On the left-hand side is the main menu for navigating around the Azure Databricks portal. The menu contains the Azure Databricks dashboard for quick access to common tasks. Next is the Home link to your user account and any Notebooks you have created. Workspaces hold all notebooks, libraries, and dashboards created by the team and allows importing notebooks from a file or URL. The Data menu will browse your folder directory of files or tables available. Clusters will let you create and manage Spark Clusters. Jobs are available in the 14-free day trial and once upgraded to Premium and allows for running notebooks on a schedule.
Creating a new cluster is easy with a single page to fill out. First give the cluster a name and select Standard Cluster Mode to get started. You can also switch the Databricks Runtime Version if you have specific Apache Spark or Scala version. Python can be switched from 2 to 3 if required. The Driver Type and Worker Types are virtual machines that will be spun up to make up the cluster. The minimum and maximum workers can be set. Please double check your subscription’s service limits as it may not have enough CPU cores available for autoscaling. The last option will set auto termination after a specific number of minutes to prevent overspending on your subscription.
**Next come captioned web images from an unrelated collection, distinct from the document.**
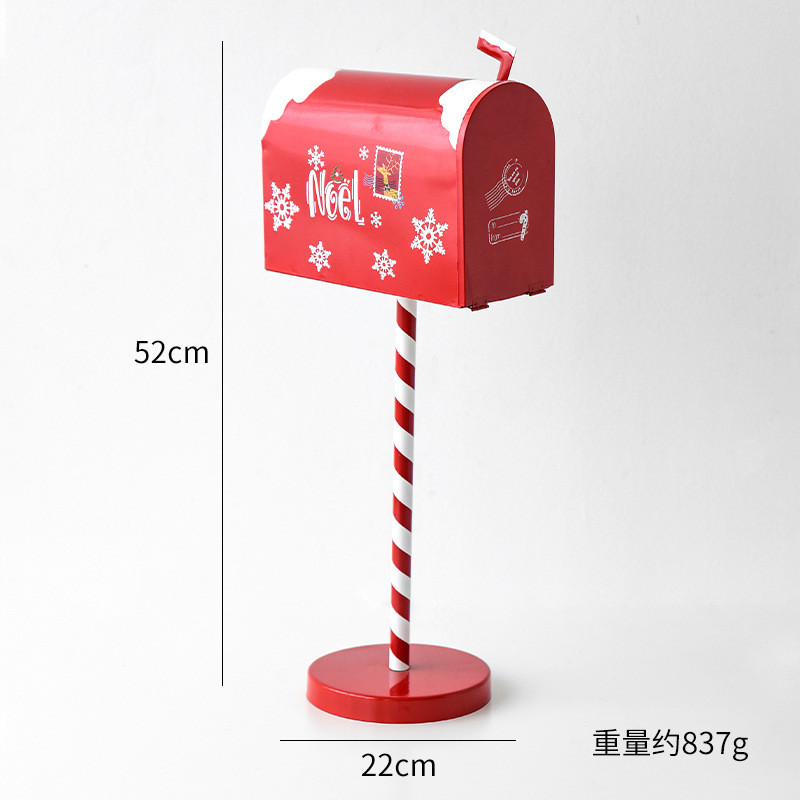 圣诞节装饰品铁艺邮筒信箱雪橇车雪人装饰摆件酒店店铺前台人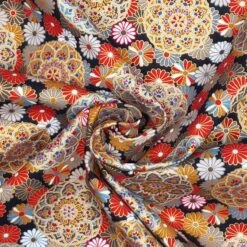 100% Japanese Cotton Fabric Nutex Suda Flower Floral Pattern Metallic 110cm Wide -OHSEWCRAFTY 100 japanese cotton fabric nutex suda flower floral pattern metallic 110cm wide 2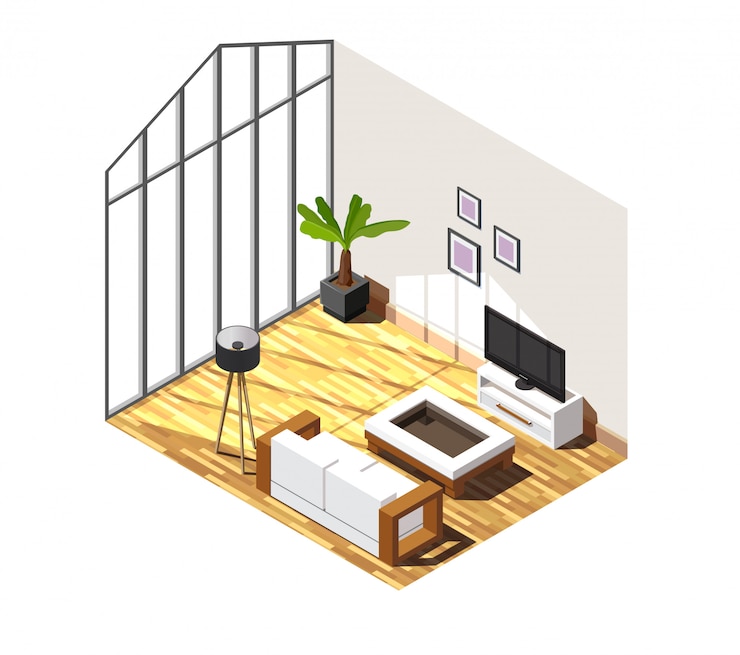 Vector gratuito escena isométrica interior de sala de estar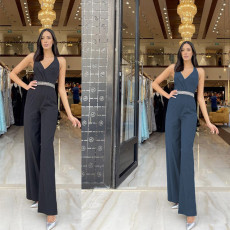 High waist flared trousers jumpsuit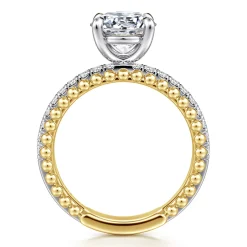 Hot Gabriel & Co. Addi - 14K White-Yellow Gold Round Diamond Engagement Ring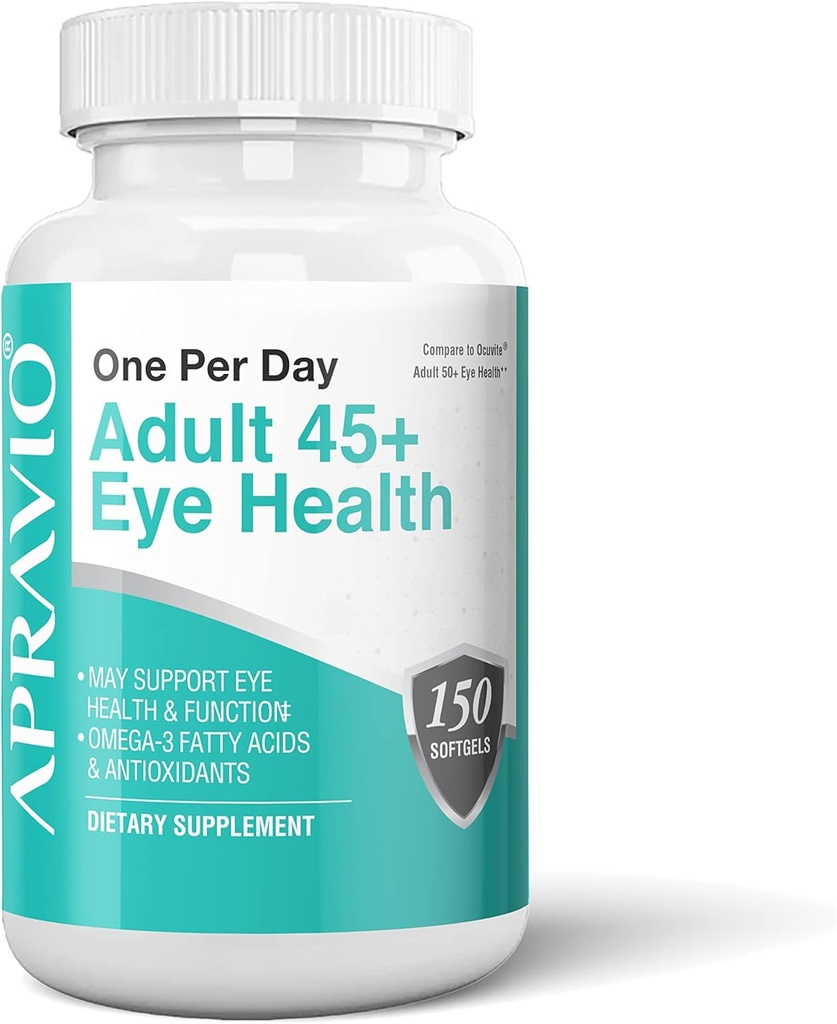 Adulto 45+ Vitamine occhio salute w/Vitamina C, Vitamina E, Zinco, Rame, & Omega-3 acidi grassi per la salute della visione & protezione degli occhi, 150 Softgels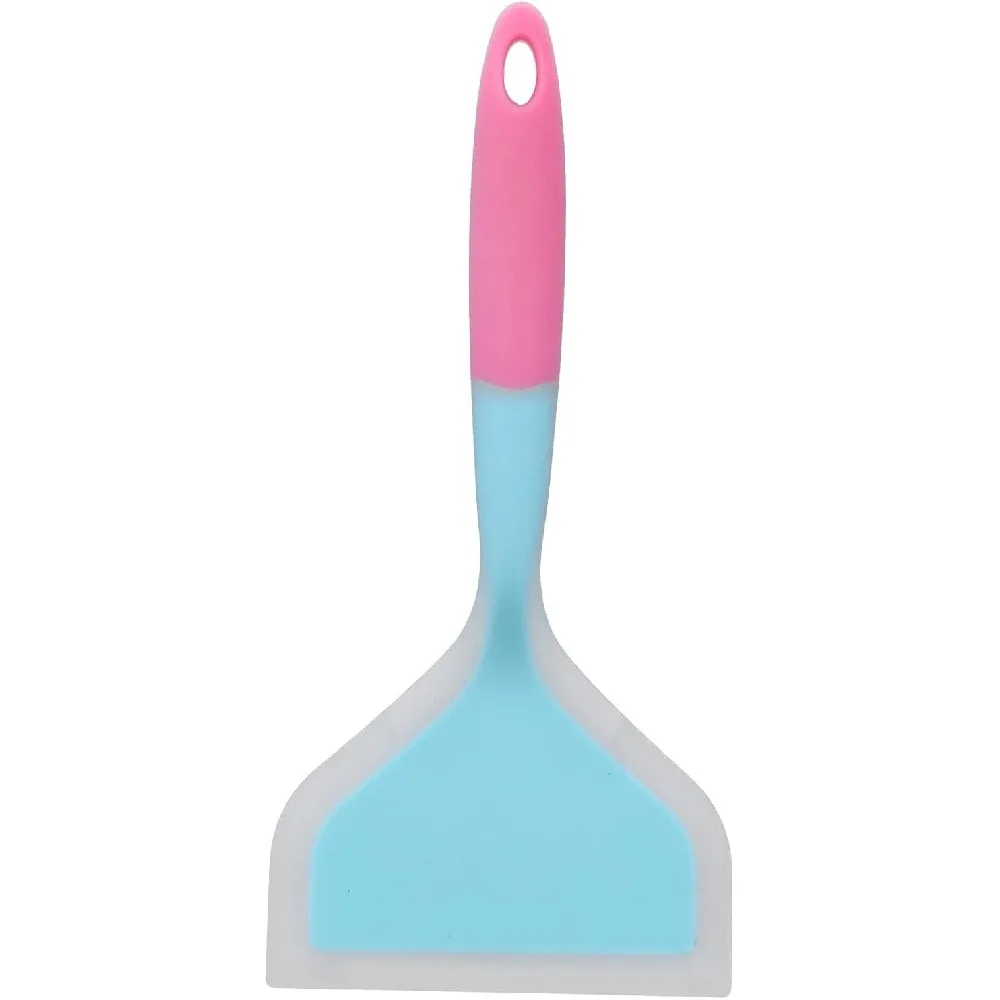Silicone Spatula, Heat Resistant Non-Stick Cooking Turner with Wide Shovel Surface, Ergonomic One-Piece Silicone Handle for Kitchen Use (Random Color)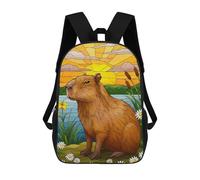 sinyumoney Capybara by The Lake at Sunset Sacs À Dos Scolaires Pour Enfants, Sac D'école Imprimé En 3D Pour Garçons, Élèves Du Primaire Et Du Collège 17inch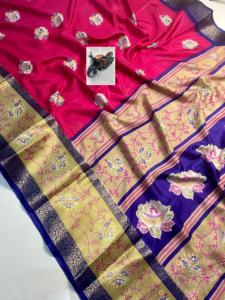 Hermoso Sari de Algodón y Seda Aura para Mujer con Borde en Contraste, Material Suave de Georgette, Hecho en India - Product Image 5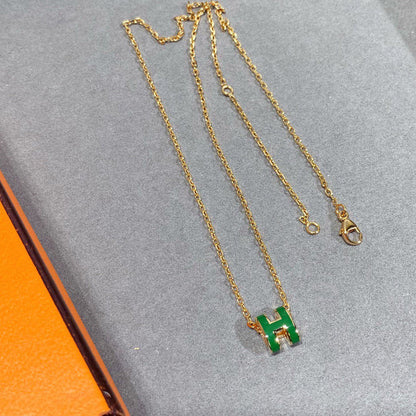 [AuraEcho Jewelry]POP H GREEN NECKLACE SILVER AND GOLD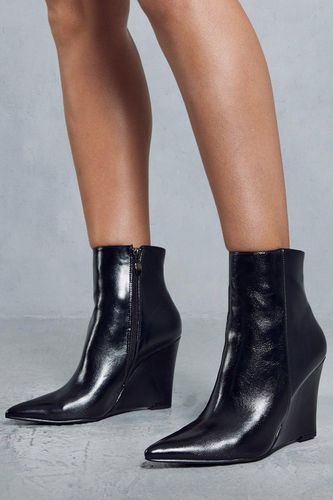 Womens Leather Look Wedge Heel Ankle Boots - - 3 - MISSPAP - Modalova
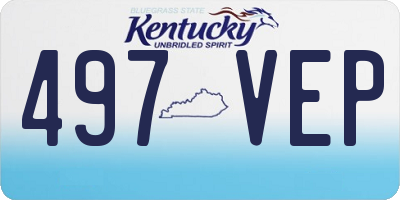 KY license plate 497VEP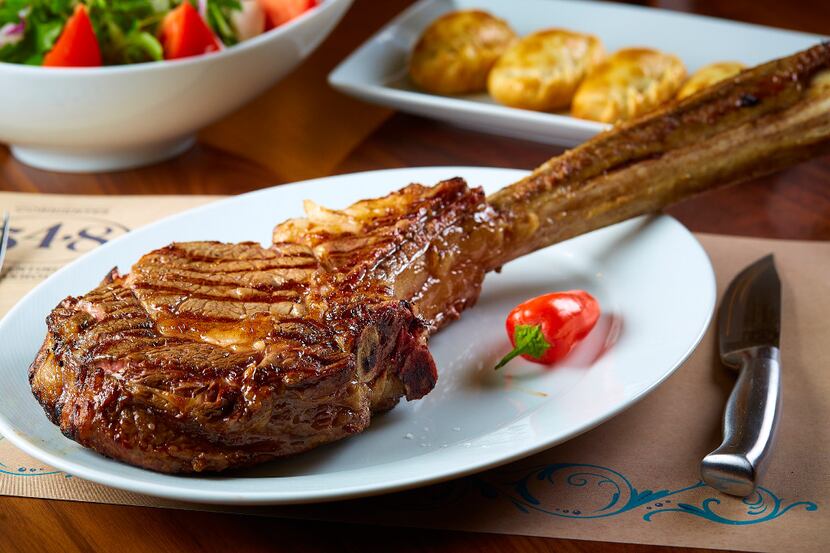 The tomahawk steak at Corrientes 348 in Dallas is a hefty portion. 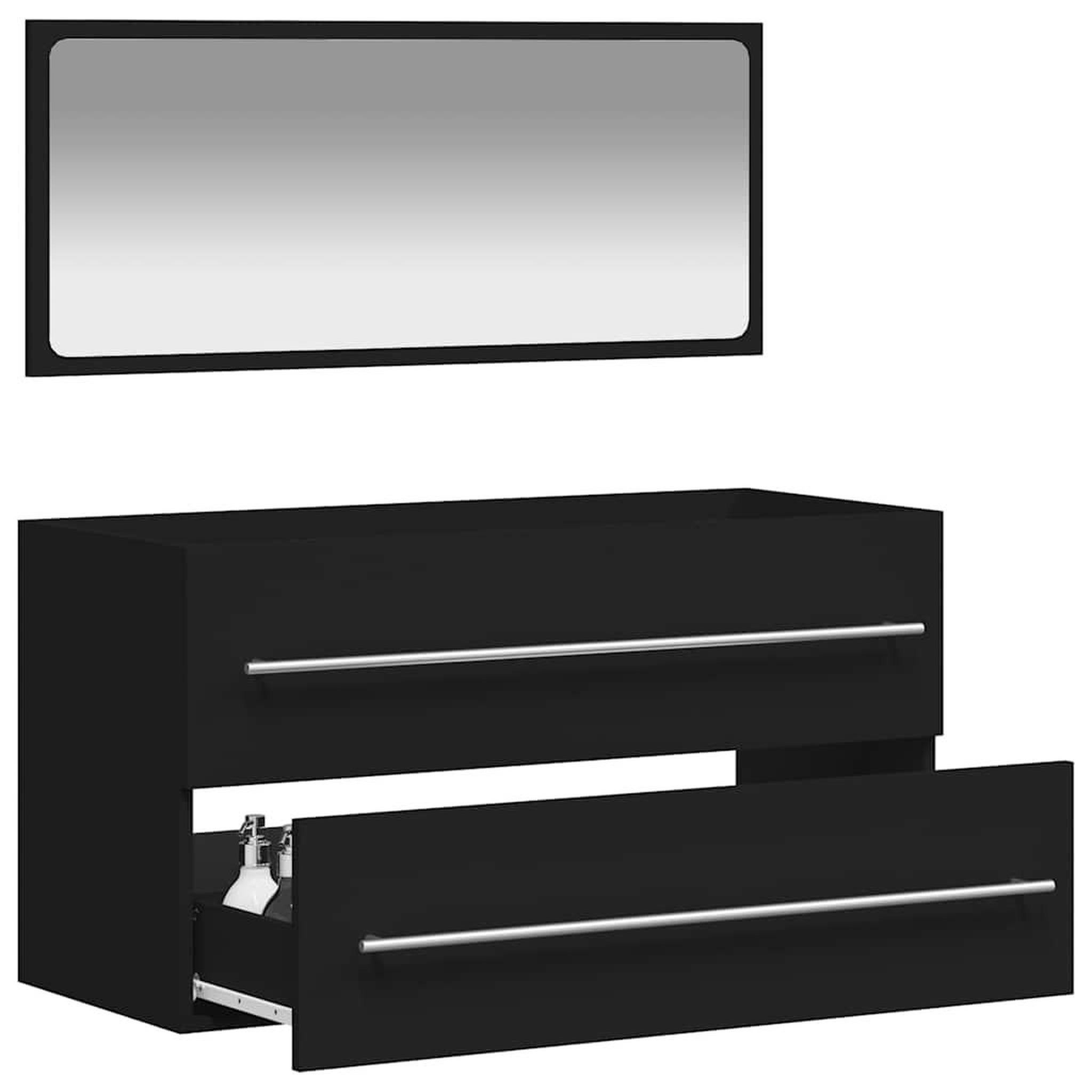 Voir la diapositive 3 : VIDAXL Armoire de salle de bain avec miroir noir bois d'ingenierie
Click Create Cluster once ready to deploy the cluster to your subscription.
As of November 2018 the following are the supported version of Apache Spark. From Apache Spark 2.2.1 and Scala 2.10 up to Apache Spark 2.4.0 and Scala 2.11. This is very important for your code and libraries as functionality can be deprecated as new version are released. Please verify your code before running on your cluster.
On the left-hand side is the main menu for navigating around the Azure Databricks portal. Click on workspace and the flyout menu will appear. Clicking the pin icon in the upper right-hand corner will keep it available. Drop down the menu under Workspace and hover over Create and there will be three options for Notebook, Library, and Folder.
Databricks Files System – DBFS
The data menu will allow browsing the Databricks File System and importing and exporting data. Click Add data to see the additional menu for uploading and browsing existing files. In Databricks a database is a collection of tables and a table is a collection of structured data. These are equivalent to Apache Spark DataFrames.
Raw data can also be uploaded in other formats such as CSV, JSON, TSV, or the following connector sources.
This allows for loading packages into the Spark session and use them in Notebooks. There are four types of libraries that can be loaded and used in your Notebooks. The types are Java / Scala JAR files, Python Egg or PyPI, Maven Coordinate, and R Library.
Jobs are only available during the 14-day free trial and the Premium version. With Jobs you can schedule a notebook to execute at any time. This could be for retraining a model after a new week of data has been collected. It can also be used to perform ETL operations for reporting.